I thought about this distinction between leadership and management last week as I read yet another article about the botched rollout of the website for the Affordable Care Act. The new law may be President Obama’s signature accomplishment, and it may reflect a great vision, but it is floundering partly because he paid inadequate attention to making it work. Based on newspaper accounts, it sounds like too many contractors were involved in developing the website and there was a lack of overall coordination and supervision. In other words, the implementation was managed poorly. How can that be possible?
One reason may be that leadership is considered king in our country and management is viewed as its boring cousin. I once had a senior campus leader tell me that he saw himself as a leader, not as a manager or an administrator.

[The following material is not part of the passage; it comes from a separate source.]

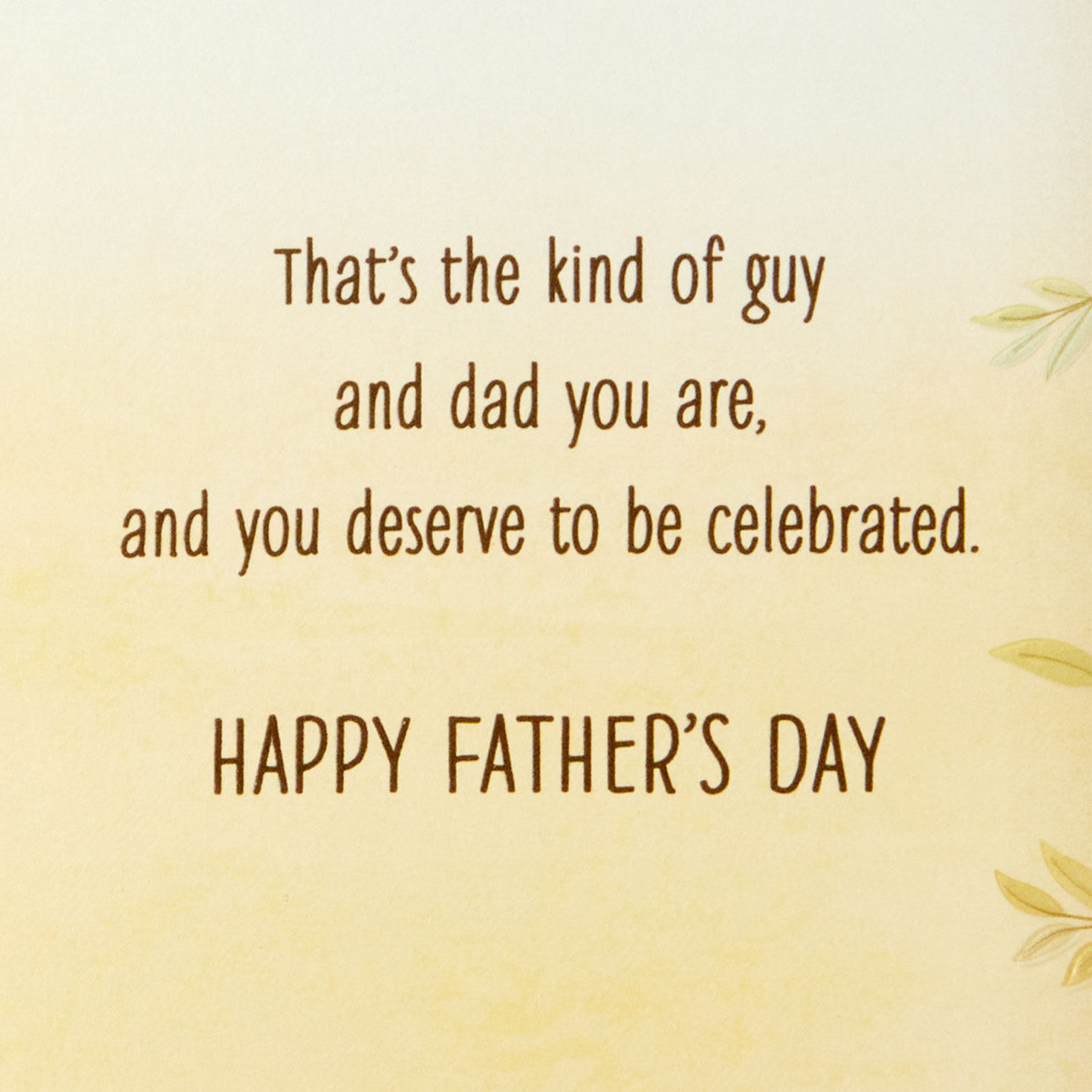 Great Guy, Great Dad Father's Day Card, , large image number 2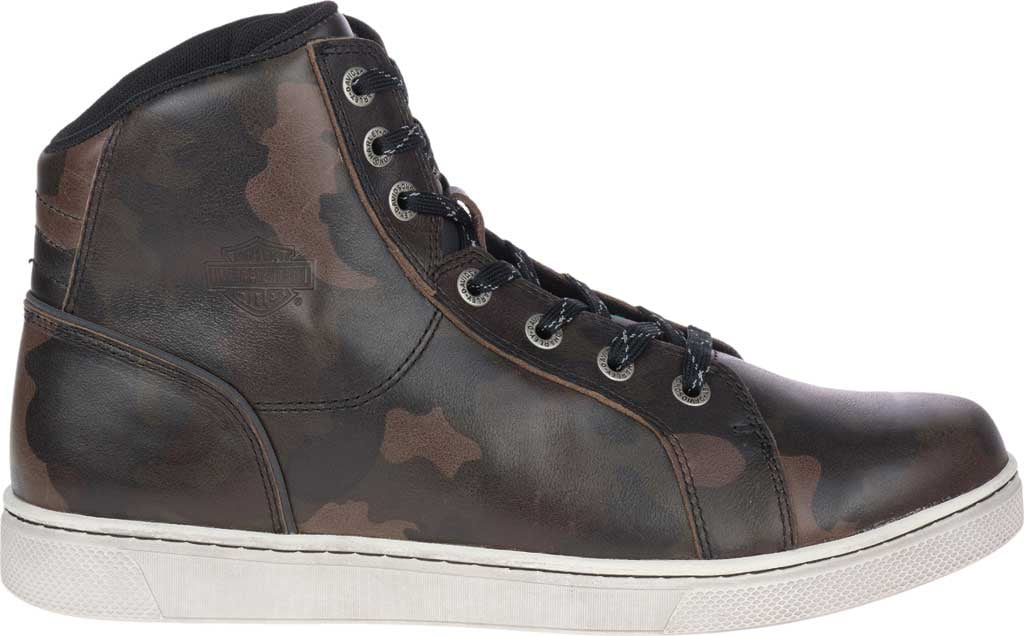 Men's Harley-Davidson Bateman Motorcycle Boot Camo Full Grain Leather 8 M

The clear implication was that leadership is more important and somehow more deserving of our best efforts. That perspective is reflected everywhere in our country’s culture. It is important to recognize that leadership as traditionally conceived—creating a vision—is not nearly enough to get things done.
Someone has to implement even the most inspiring vision, and that requires talented and creative administrators. Leaders must understand the importance of administration and know how to support, supervise, and evaluate administrators. In the School’s teaching about strategic public leadership, we highlight the importance of developing action plans, allocating resources, managing performance, and evaluating results. In other words, we take a holistic view of leadership that includes much more than creating a vision. It is a false dichotomy to separate leadership from management, a lesson that President Obama may be learning the hard way.
President Obama may feel like John McKay felt years ago as the football coach of the hapless NFL expansion Tampa Bay Buccaneers. After his team had lost yet another game, a reporter in a post-game press conference asked McKay what he thought about his team’s execution. His answer: “I’m all in favor of it.” President Obama may feel the same way about the team responsible for implementing the Affordable Care Act. In his case, however, it is hard to avoid concluding that he bears a large responsibility for not paying enough attention to the administration of the new law.
In thinking about the School, we are fortunate to have staff members in all of our divisions who understand the fundamental importance of effective administration. Their efforts in managing our work requires great skill and creativity, and they do it very well. Our ideas for continuously improving how we serve North Carolina officials cannot implement themselves. Vision is not enough. Luckily, we have a talented professional staff that is dedicated to first-rate administration in advancing our mission.